The Committee therefore is urging residents to send letters and emails to Mr Debus demanding that he instruct the EPA to intervene and including reasons why he should intervene. His address is The Hon. Bob Debus MP, Parliament House, Sydney, and email: minister@min.epa.nsw.gov.au
It is imperative that residents now take this urgent community action, so as to try and achieve an important step forward in the campaign to remedy the lake's problems.
VISIT TO THE SITE WITH COUNCIL
OCTOBER 2.
The Fish Kill Committee met with Council officers and the developer's representatives, off Fiona Crescent Lake Cathie.
A drainage trench traverses the site.
Council did three pH water tests in the trench, which the Committee representatives requested. They were the only tests Council carried out.

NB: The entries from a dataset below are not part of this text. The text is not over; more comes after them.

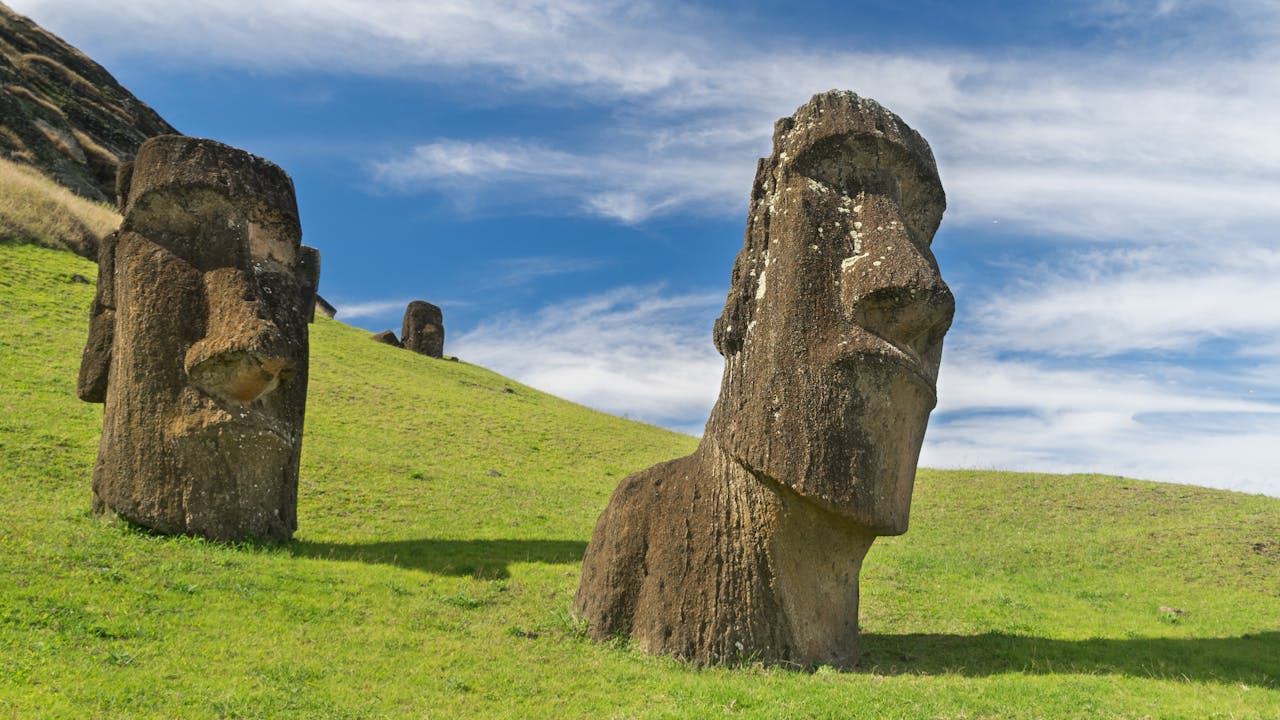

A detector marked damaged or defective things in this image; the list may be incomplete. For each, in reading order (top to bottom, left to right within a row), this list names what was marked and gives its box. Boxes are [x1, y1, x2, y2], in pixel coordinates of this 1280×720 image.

damaged moai statue [77, 134, 320, 540]
damaged moai statue [402, 300, 448, 360]
damaged moai statue [576, 91, 956, 668]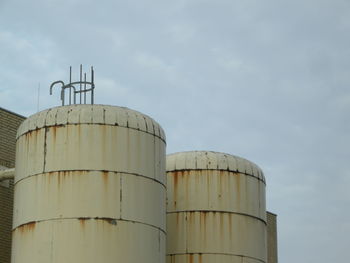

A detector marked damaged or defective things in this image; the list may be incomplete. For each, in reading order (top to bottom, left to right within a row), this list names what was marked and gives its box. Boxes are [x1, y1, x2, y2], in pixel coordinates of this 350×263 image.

rusty metal silo [11, 104, 167, 263]
rusty metal silo [165, 152, 266, 263]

The Committee representatives made observations and took one soil sample from the site, looking for jarosite.
Some worrying questions arise:
Where is the large amount of water in the trench coming from, seeing we're supposed to be in the middle of a dry spell?
Has the bottom of the trench reached the water table? If so, wouldn't that, in a high-risk acid sulphate soil area, ring alarm bells?
Seeing the Committee's photographs of the trench taken on 19 September show muddy yellowish water in the trench, why was the water unnaturally clear on 2 October? Doesn't that indicate acid present in the trench water on 2 October?
Don't the conditions prevailing on this site match conditions about which the EPA has issued warnings in regards to similar sites? ("Sulphuric acid enters estuarine systems as a result of inappropriate land management practices in areas of acid sulphate soils......fish kills in many coastal NSW rivers occurred in the 1980s." ( EPA web site)?
How can NSW Fisheries officers state that they have found no fish suffering red spot in or around the lake, when local fishermen have?
How can Council assert that there has not been significant rainfall to cause acid run-off, when the Committee found the following rainfall figures for this area: 22 Aug – 22.0mm, 23 Aug – 8.5mm, 24 Aug – 4.5mm, 25 Aug – 3.5mm, 25 Aug- lake closed to the sea, 26 Aug – 4.0mm?